Marty Klingelhofer is the Assistant Director of Athletics for Strength and Conditioning at Landon School, where he has served as the school’s strength coach since 1983. A 1981 graduate of Lafayette College, Coach Klingelhofer volunteered periodically with the University of Maryland’s strength and conditioning staff between 1995 and 2005.
He also worked at Gallaudet University as an assistant football and strength coach in 1996 and was promoted to Head Strength & Conditioning Coach in 1997. He began working full-time at Landon School in 1998, when he was named to his current role.
Coach Klingelhofer earned his NSCA CSCS certification in 1988 and his USAW Level 1 coach certification in 1992. He joined the National High School Strength Coaches Association (NHSSCA) in 2016, became the Maryland State Director in 2020, and was recognized as the NHSSCA Maryland Coach of the Year in 2020 and Regional Coach of the Year in 2022. That same year, he was also honored with Landon School’s Teacher of the Year Award.
What do you enjoy most about being a strength and conditioning coach?

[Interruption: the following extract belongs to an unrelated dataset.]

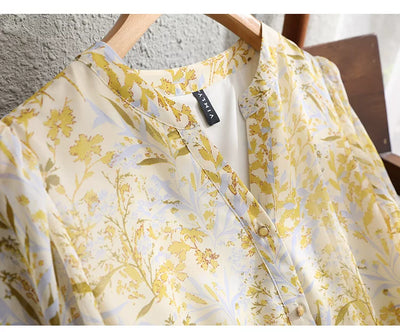 Vestido Floral de Gasa Francesa - Image 50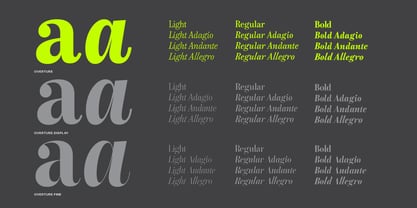 Overture Font Poster 2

I enjoy working with all kinds of students, especially those who are less athletic, and seeing them develop. Helping them improve in strength, speed, agility, and coordination through our program is great, but what is even more gratifying is to see their belief in themselves grow as a result of their consistent hard work in a focused program that helps them to witness the accomplishment of their own goals.
One example of this is a current NFL assistant coach whom I coached in high school. He wrote, as part of his recommendation for this auspicious award, “Everyone needs that someone to believe in him at some point in his life. That was Marty for me as a high school football player. I desperately wanted to start on the varsity football team. Marty dedicated himself to helping me achieve that goal. Marty built my foundation of hard work and focus on technique that carries me today as an NFL Coach.”
Please describe your training philosophy.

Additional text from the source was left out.